● **Extracted data**
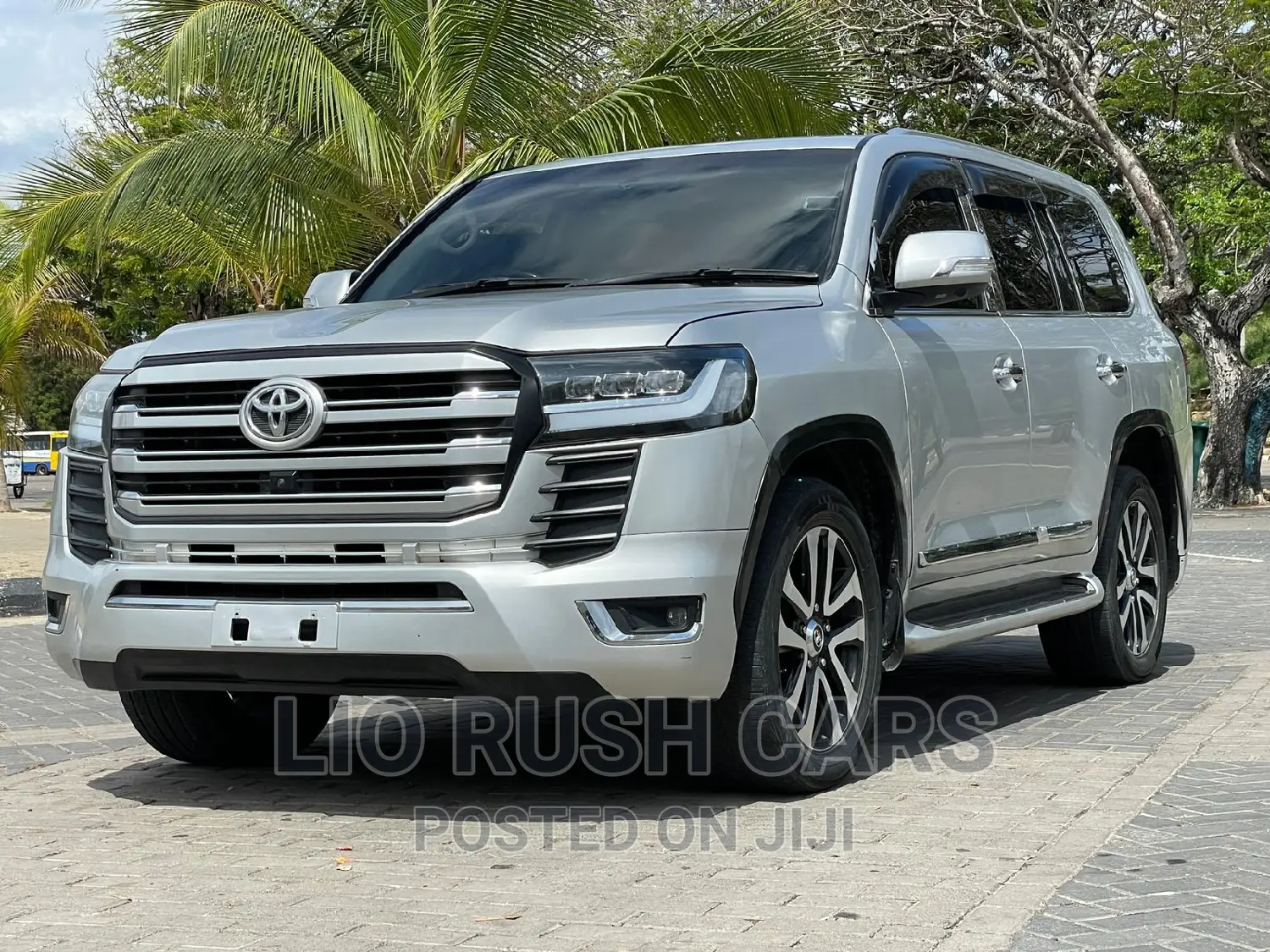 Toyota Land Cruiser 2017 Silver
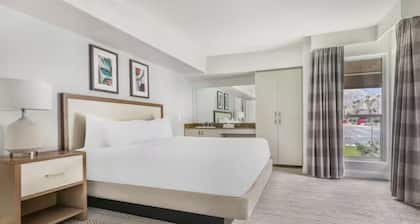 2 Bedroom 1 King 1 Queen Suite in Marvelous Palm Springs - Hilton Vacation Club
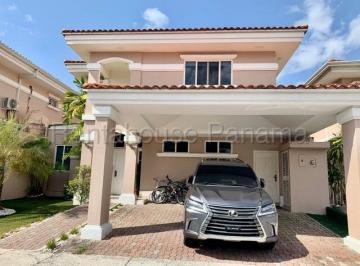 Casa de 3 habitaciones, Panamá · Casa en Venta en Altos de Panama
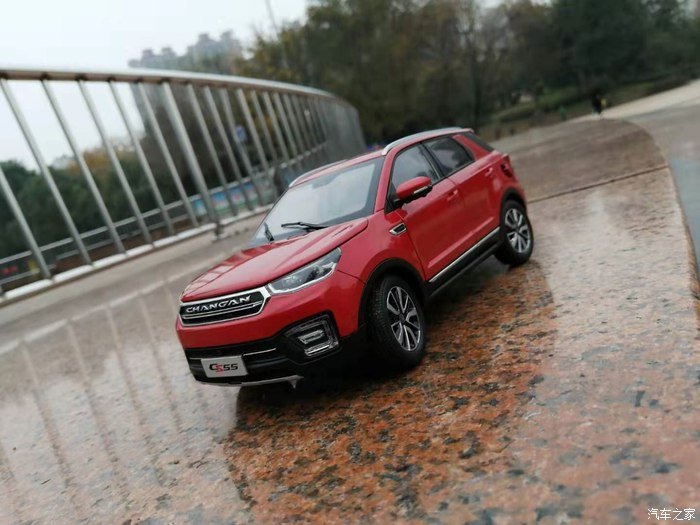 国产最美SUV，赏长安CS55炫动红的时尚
---
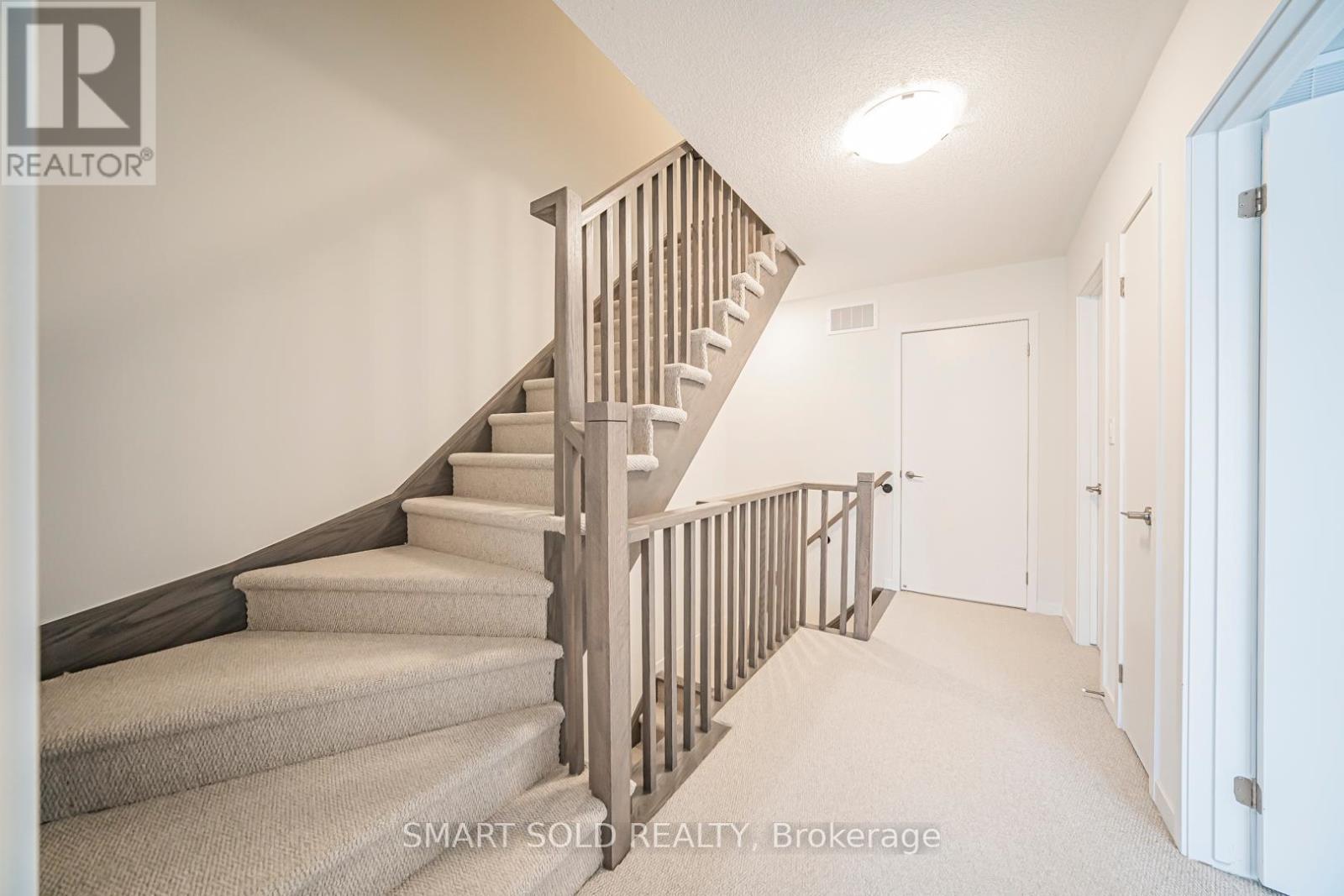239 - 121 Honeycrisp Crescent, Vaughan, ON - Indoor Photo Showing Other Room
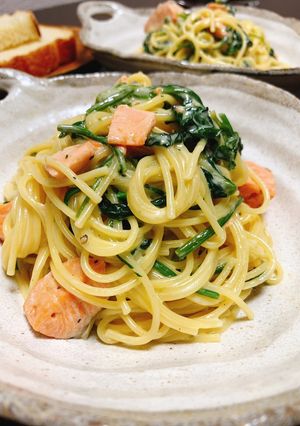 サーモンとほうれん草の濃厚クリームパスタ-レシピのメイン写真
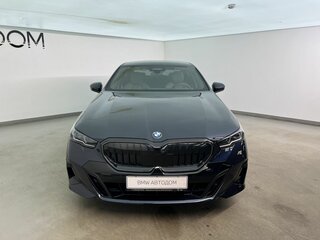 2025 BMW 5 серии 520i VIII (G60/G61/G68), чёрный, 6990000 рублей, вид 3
---
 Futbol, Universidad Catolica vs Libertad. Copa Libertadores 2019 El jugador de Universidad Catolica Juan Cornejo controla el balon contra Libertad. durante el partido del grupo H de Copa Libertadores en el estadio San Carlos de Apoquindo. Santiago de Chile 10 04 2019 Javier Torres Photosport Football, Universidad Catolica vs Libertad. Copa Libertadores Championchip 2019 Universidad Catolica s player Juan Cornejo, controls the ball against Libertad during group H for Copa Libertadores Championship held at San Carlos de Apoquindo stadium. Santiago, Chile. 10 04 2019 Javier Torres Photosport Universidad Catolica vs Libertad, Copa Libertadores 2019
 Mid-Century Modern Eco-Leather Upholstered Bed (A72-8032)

● **About this task**
Above are the records; copy from them only the lines starting at the one containing "Toyota Land Cruiser 2017 Silver" and ending at the one containing "国产最美SUV，赏长安CS55炫动红的时尚", exactly and without pictures.

● **Answer to the problem**
 Toyota Land Cruiser 2017 Silver
 2 Bedroom 1 King 1 Queen Suite in Marvelous Palm Springs - Hilton Vacation Club
 Casa de 3 habitaciones, Panamá · Casa en Venta en Altos de Panama
 国产最美SUV，赏长安CS55炫动红的时尚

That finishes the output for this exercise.